Overall, though we are officially “off”, i think we are actually just beginning. Though i am not pushing for anything really, as i have said to her; often i have broken up precisely because i don’t want to keep pushing her.

This “be a man” belief is in both. So, it explains why unilateral dismantling is difficult. In me at least.

Maybe others have a different experience.

2 Likes

I think you’re hyper focusing. The “be a male” focus might just be a distraction from the bigger picture.

2 Likes

@emp I was thinking something along similar lines if I understand you correctly.
I do remember in my past relationships I was accused of not being a man. The answer to this was not to be more of a man however the accusations did actually point to something in me.
I was back then very anxious and confused about the ‘right’ way to be, which meant a lot of the time I simply took the path of avoidance in life, I hid away from life so that my anxieties would never come to fruition and in most situations instead of action I was frozen in confusion and anxiety, it also meant that a lot of the time I was very self centred and inconsiderate as I was mostly grasping for ‘my’ security.
What I wonder is whether this accusation of not being a man could have been more to do with my partner seeing that I was not being my best. Of course my partner at the time accusing me of this was the least helpful way to interact with me in order for me to be better as it just loaded me with more shame and guilt, leading to more anxiety and insecurity so we all know this is not the way to go.
However this does not change the fact that there were these things in me and that I could have been better.
@Andrew I am not aware of the exact situation so I am not implying that this is exactly what is going on, however is there a chance that the reason this ‘being a man’ is a such a sticking point is exactly because the accusation has something to ‘stick’ to within yourself? As such it has the potential to cause the defensive reaction of riling against having to ‘be a man’?

2 Likes

I think there is something to that suspicion. Sometimes one does not really grasp what it is that is bothering them about the other, or whether there is any validity to that bother, because the discontent is mixed up with their own disorders, and their attempt to explain the whole mess takes the form of cultural trope.
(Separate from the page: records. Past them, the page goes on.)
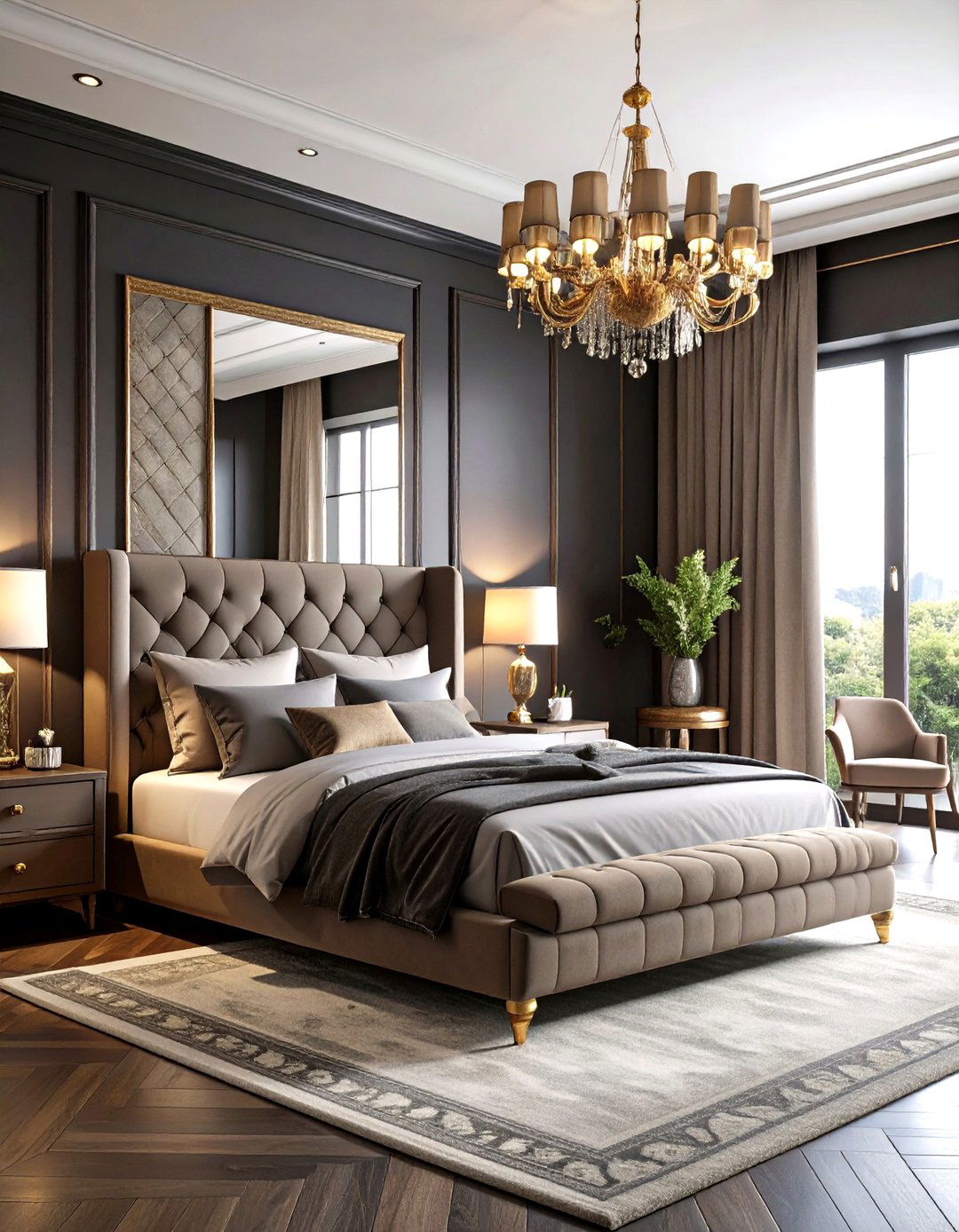 Metallic Highlights to Catch Low Light - 20 Dark Bedroom Ideas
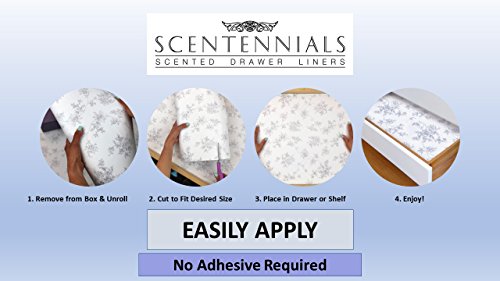 Scentennials Vintage Toile Scented Drawer Liners - (16.5 x 22 Inch) Toile Print - Premium Quality Shelf Liner Sheets - Ideal for Kitchen, Drawer & Closet, Non-Adhesive Design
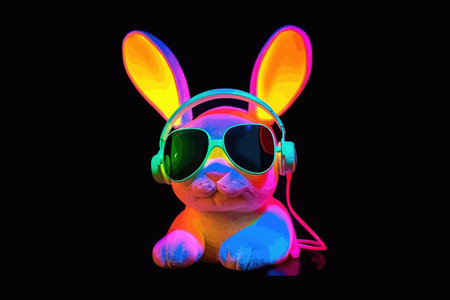 Cool baby young DJ rabbit sunglasses in colorful neon. Vector illustration design.のイラスト素材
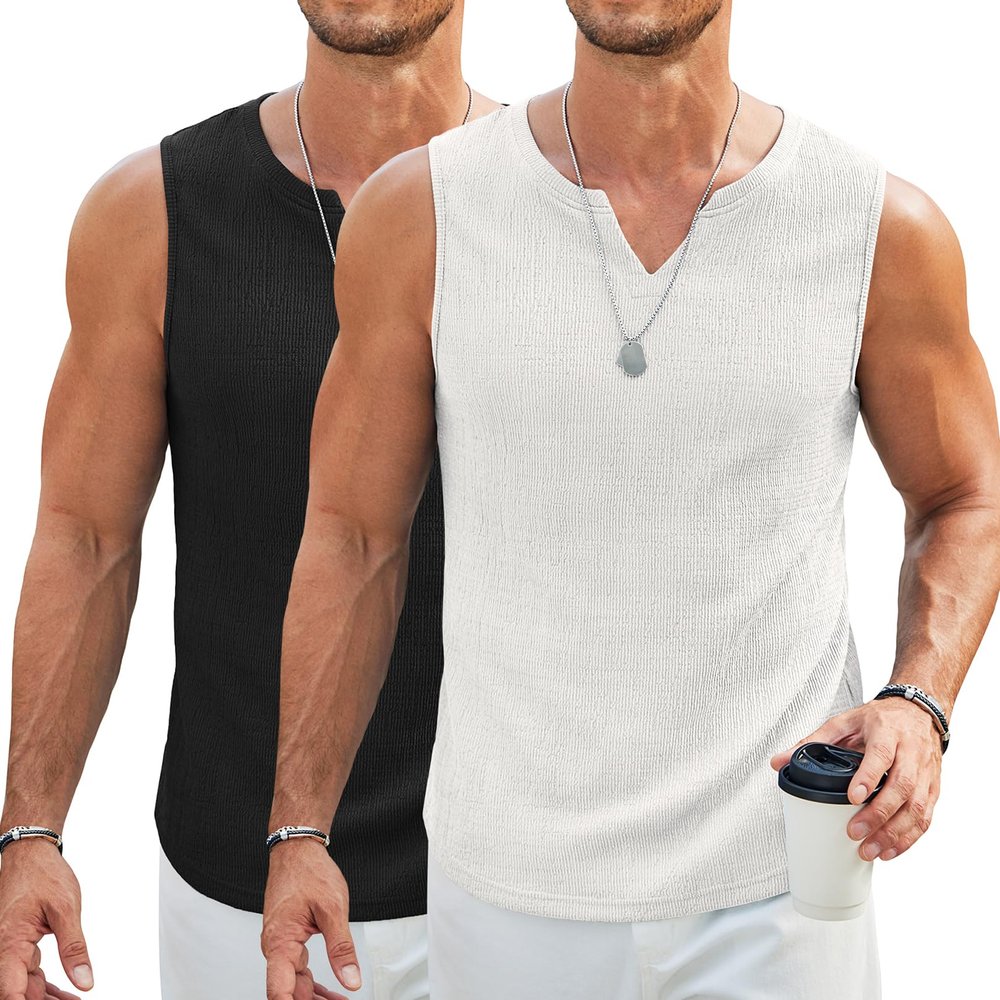 COOFANDY Mens Casual Tank Tops 2 Pack Fashion Summer Sleeveless Tees Lightweight Mens Solid Knit Tank Top S Black/White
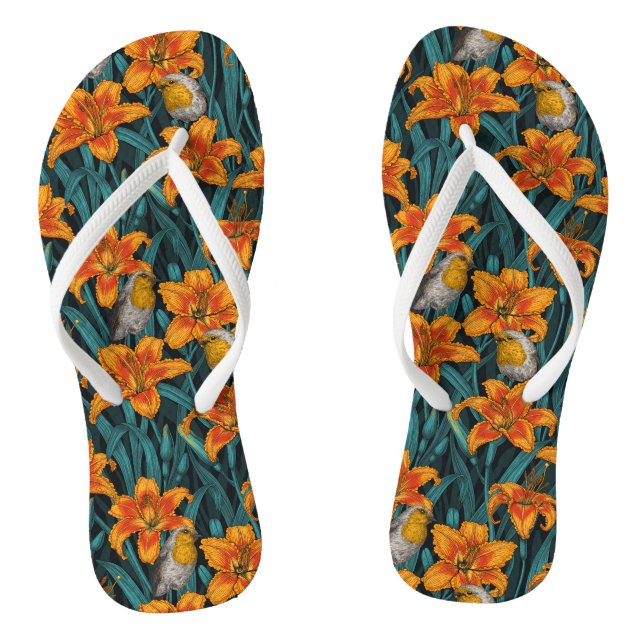 Chinelos Robins e flores, cor de laranja e azul (Pé da cama)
But underlying that, it could merely be a messy expression of the hurt or offense at the subtle harms the other is inflicting, probably without realizing it.

1 Like

What a good way to explain what I was trying to say @rick :smiley:

@emp @Kub933 @rick

I don’t doubt that these are all useful observations. If i have learnt anything from all these years, it’s very difficult to pin down one simple answer, mainly because there rarely is one!

There are layers. Plenty of them, and tangents, and as Vineeto called them “furphies”.

I am pretty sure that the direction is correct. It’s also about being unaware of any other way of being. The whole “be a man” is a psychic construct, and being that, it’s not something absolute.

It comes also down to being direct in how i speak, while being as harmless as possible. It comes down to bravery, to be able to leave behind versions of who i thought was important.

Actually, less bravery now, far less. As it’s my view that at 46 most of the “teeth” of the “be a man” belief, conditioning etc, are naturally blunt.

I don’t think i would have seen it if it were not so blunt, and now mostly redundant.

So, for a lot of what i can do about it is to be more direct, and as harmless in that as possible. Have more fun, and generally be happier and more confident in be a happy person, rather than try and not “be a man”.

Which circles back to the whole “pimp” idea. That it’s only my weakness, laziness, and depression that leads to being angry at the other for “manipulating” me.

That’s a great point @Kub933, about the other knowing that this isn’t the best version of myself.

There is a braver, happier, more sincere and direct version. Some may see that as more of a “man”, but the actual situation would be more of an autonomous person.

2 Likes

I have a job interview at a company owned by a multinational tomorrow. One of the big international players in my industry. . Big time stuff. It’s a great time to have been made aware, that there is a better version of me available.